** Opening Supplied records block **

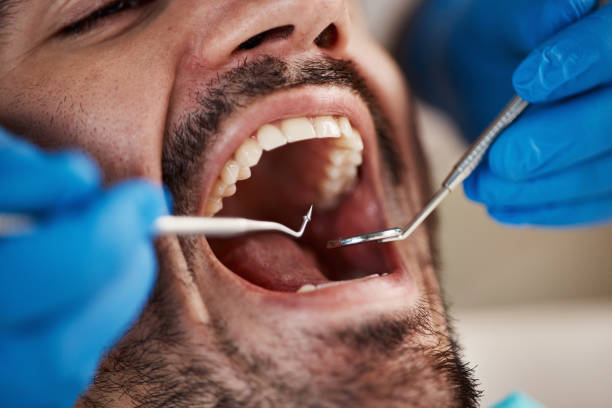 Best Emergency Root Canal Treatment in Hammond, WI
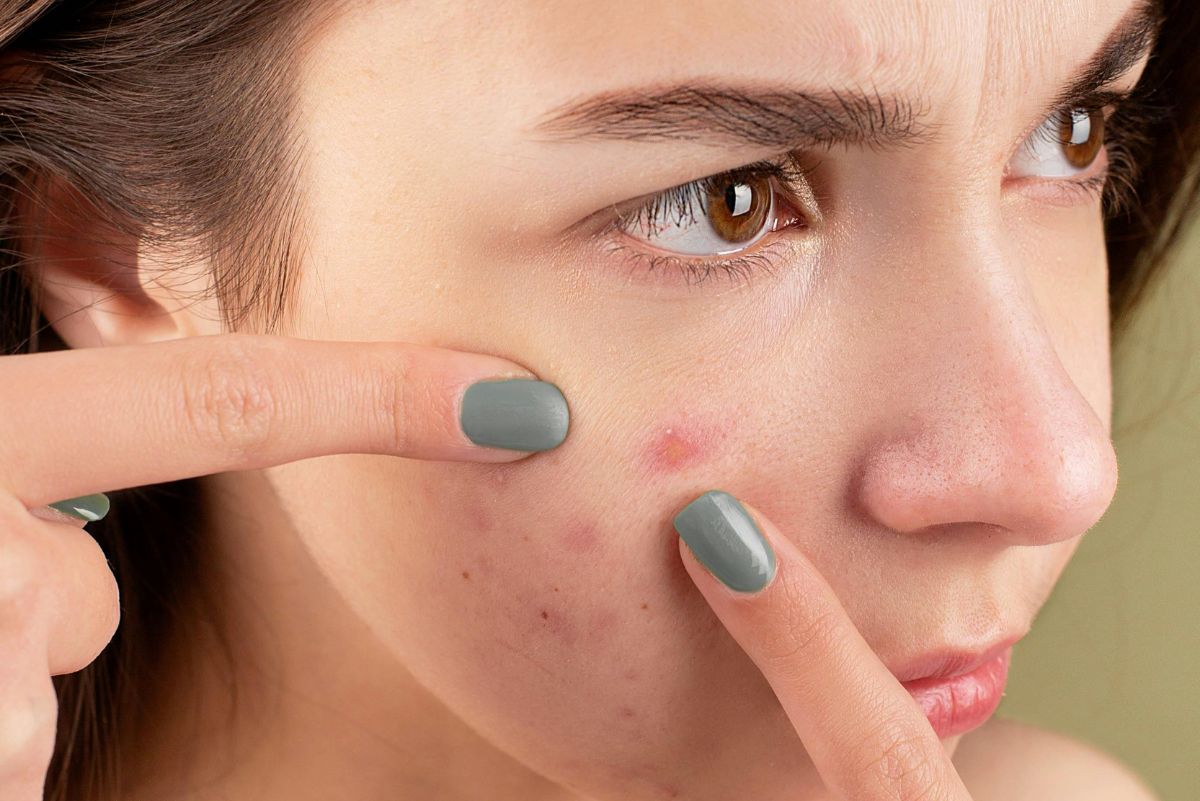 Discover Our Best Blemish Skincare Products For Acne-Prone Skin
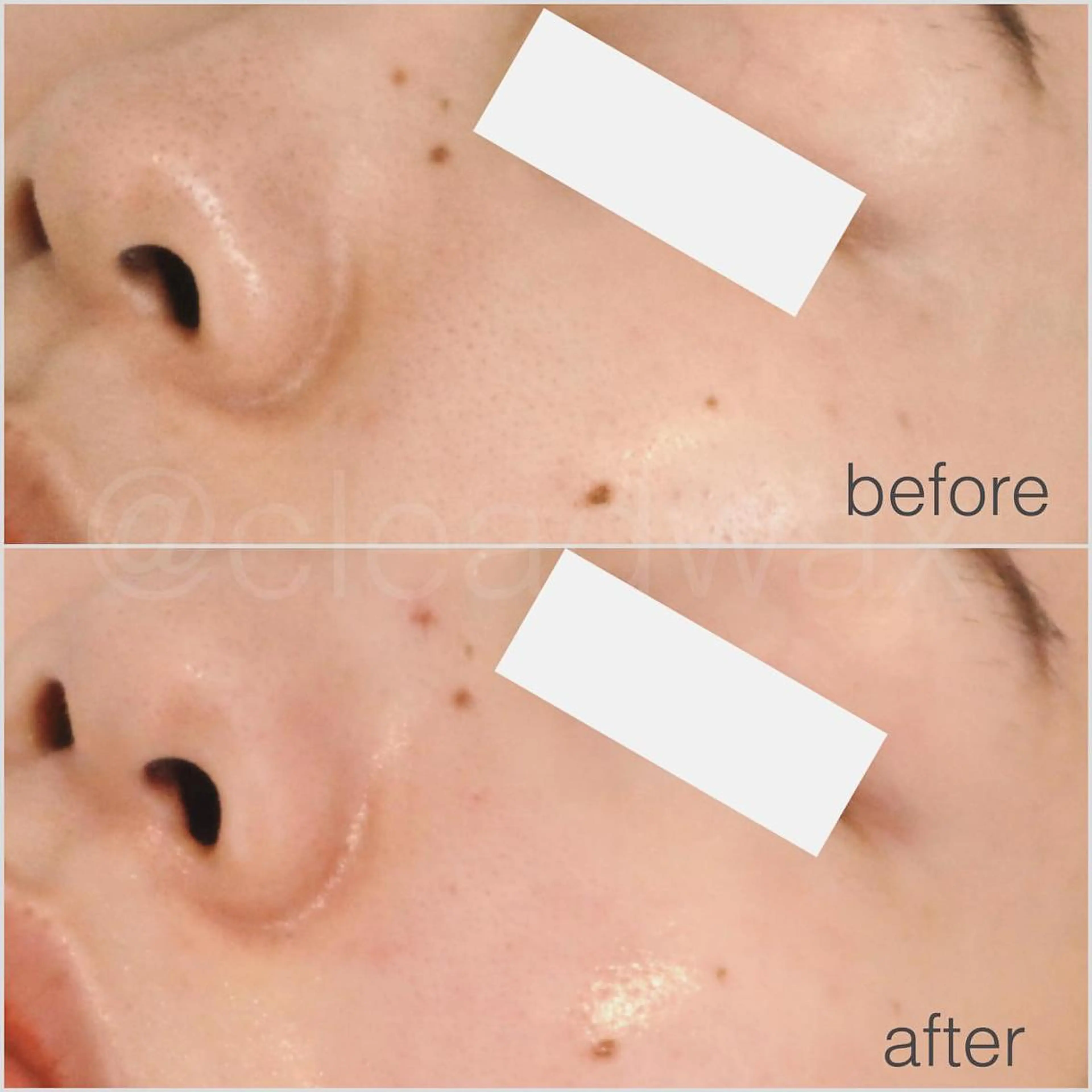 CLEAD赤坂見附店 坂田のエステ・リラクイメージ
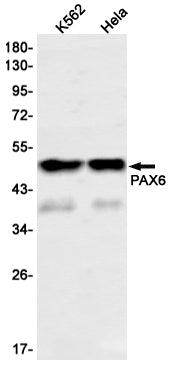 PAX6 Rabbit Monoclonal Antibody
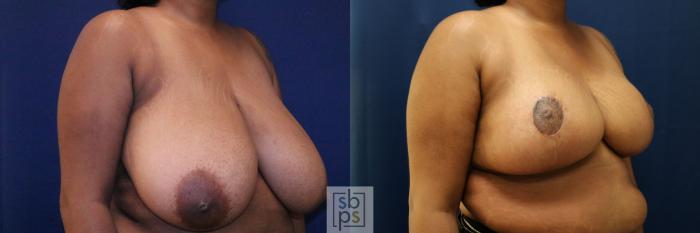 Before & After Breast Reduction Case 770 Right Oblique View in Los Angeles, Torrance & Long Beach, CA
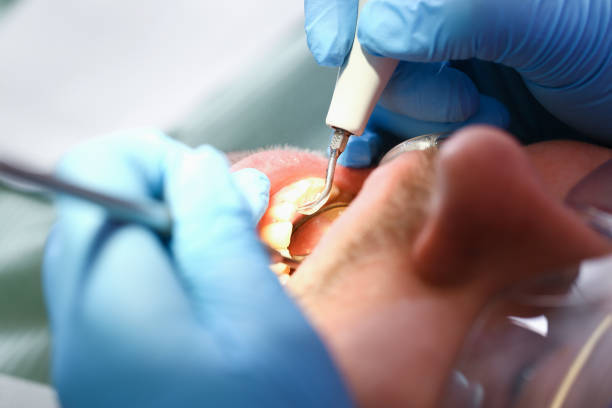 Best Emergency Treatment for Oral Infections in Prescott, WI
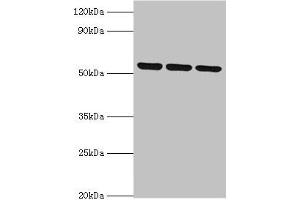 Western blot All lanes: MYOT antibody at 2 μg/mL Lane 1: 293T whole cell lysate Lane 2: HepG2 whole cell lysate Lane 3: Mouse skeletal muscle tissue Secondary Goat polyclonal to rabbit IgG at 1/10000 dilution Predicted band size: 56, 36 kDa Observed band size: 56 kDa (Myotilin Antikörper  (AA 443-498))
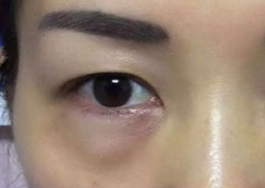 激光可以祛眼袋嗎？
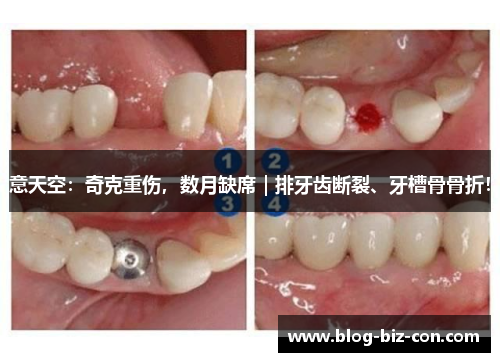 意天空：奇克重伤，数月缺席｜排牙齿断裂、牙槽骨骨折！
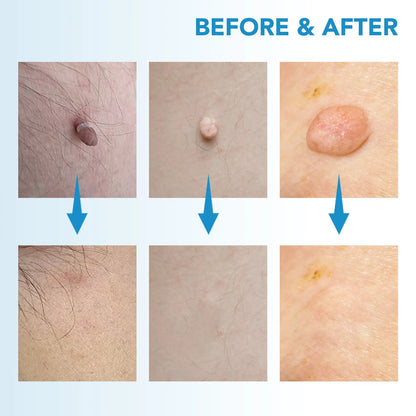 2-In-1 Skin Tag And Mole Remover Kit 339068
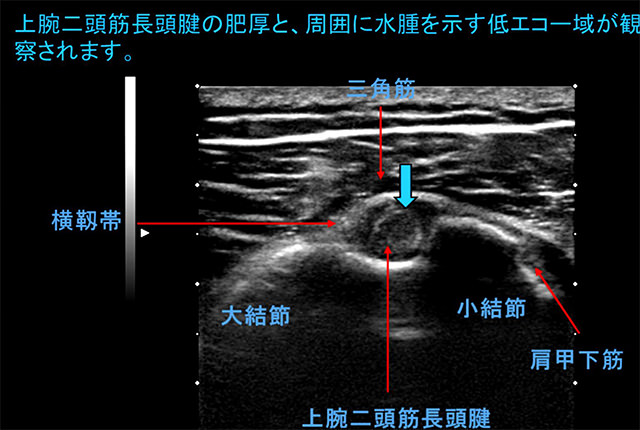 図　参考画像　上腕二頭筋長頭腱の肥厚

** Closing Supplied records block **

What is needed:
All of the records above should be written out exactly, with the pictures left out.

Answer space:
 Best Emergency Root Canal Treatment in Hammond, WI
 Discover Our Best Blemish Skincare Products For Acne-Prone Skin
 CLEAD赤坂見附店 坂田のエステ・リラクイメージ
 PAX6 Rabbit Monoclonal Antibody
 Before & After Breast Reduction Case 770 Right Oblique View in Los Angeles, Torrance & Long Beach, CA
 Best Emergency Treatment for Oral Infections in Prescott, WI
 Western blot All lanes: MYOT antibody at 2 μg/mL Lane 1: 293T whole cell lysate Lane 2: HepG2 whole cell lysate Lane 3: Mouse skeletal muscle tissue Secondary Goat polyclonal to rabbit IgG at 1/10000 dilution Predicted band size: 56, 36 kDa Observed band size: 56 kDa (Myotilin Antikörper  (AA 443-498))
 激光可以祛眼袋嗎？
 意天空：奇克重伤，数月缺席｜排牙齿断裂、牙槽骨骨折！
 2-In-1 Skin Tag And Mole Remover Kit 339068
 図　参考画像　上腕二頭筋長頭腱の肥厚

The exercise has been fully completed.